◆ Goal of the exercise
No pictures, please. Copy exactly the lines from the one with "Кресло Everprof Smart" through the final line below.

◆ Input data
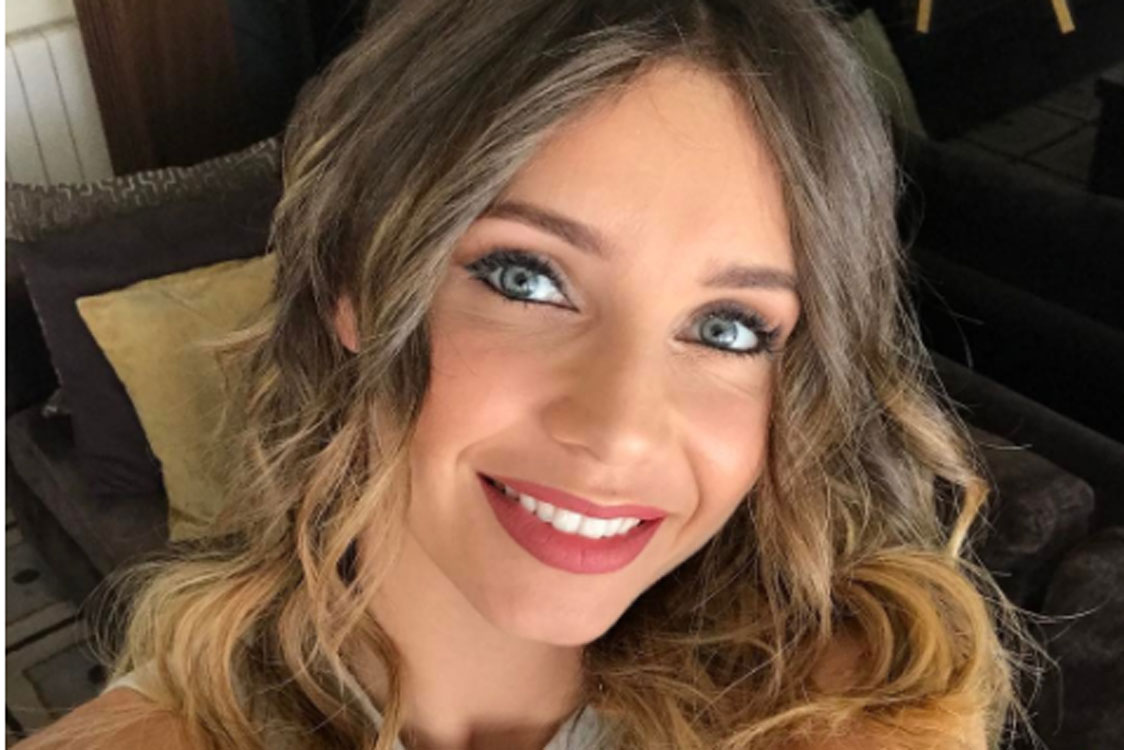 Luciana Abreu dança em roupa interior e faz subir a temperatura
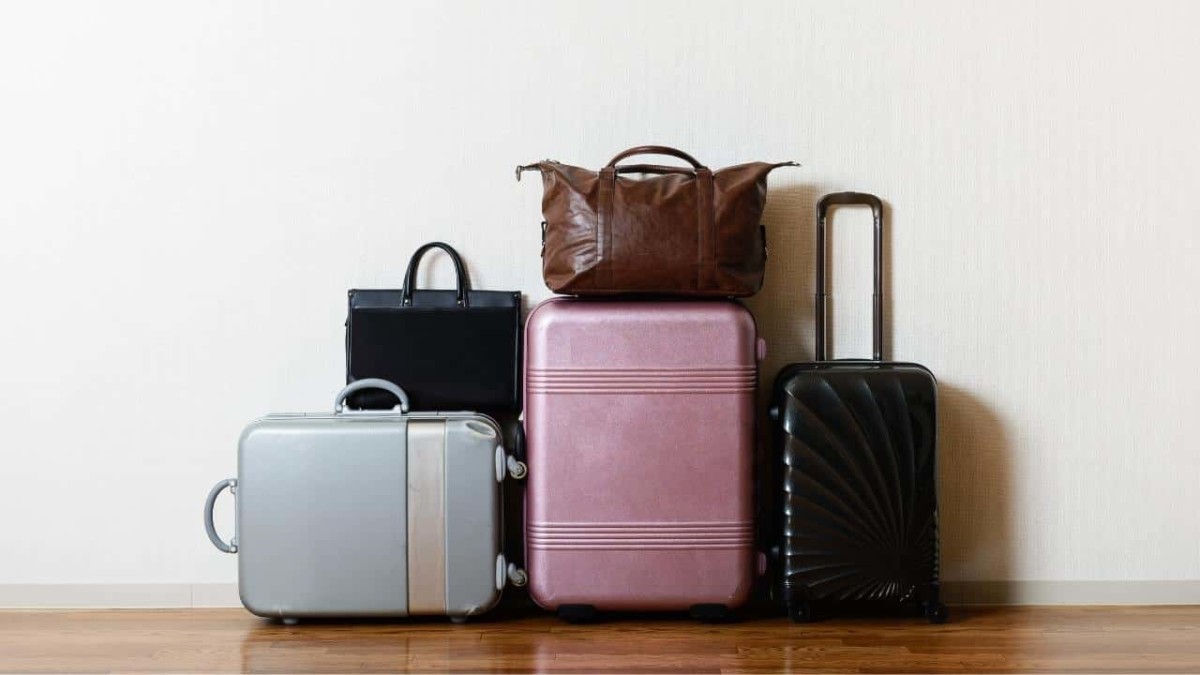 Travel bags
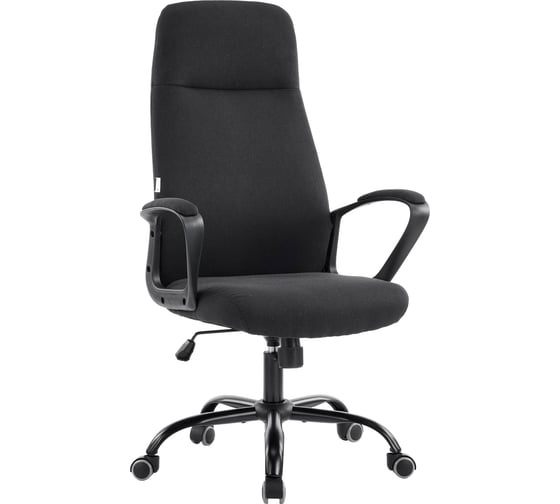 Кресло Everprof Smart Ткань Черный EP Smart F Black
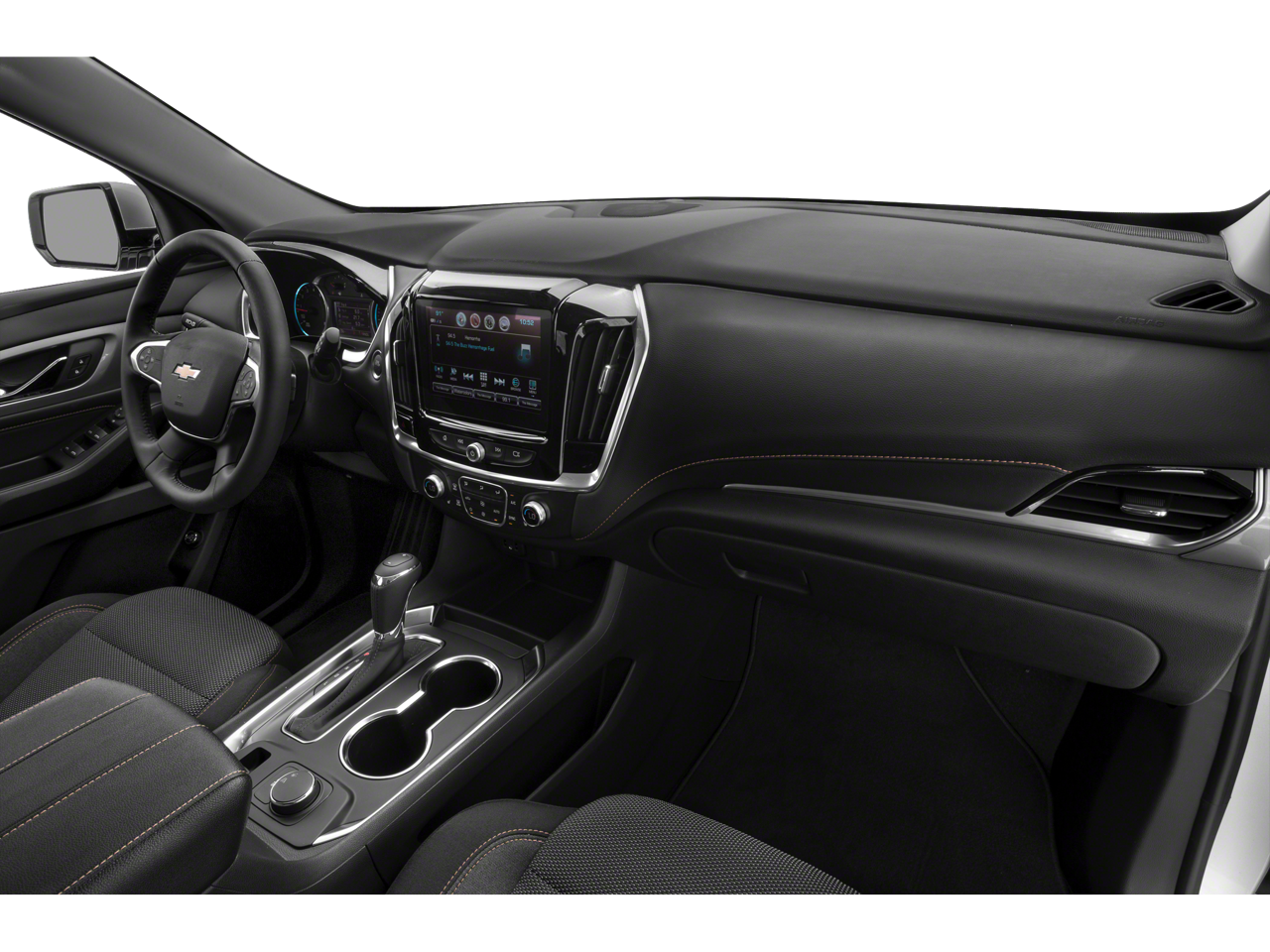 2020 Chevrolet Traverse LT Leather FWD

◆ Response to this task
 Кресло Everprof Smart Ткань Черный EP Smart F Black
 2020 Chevrolet Traverse LT Leather FWD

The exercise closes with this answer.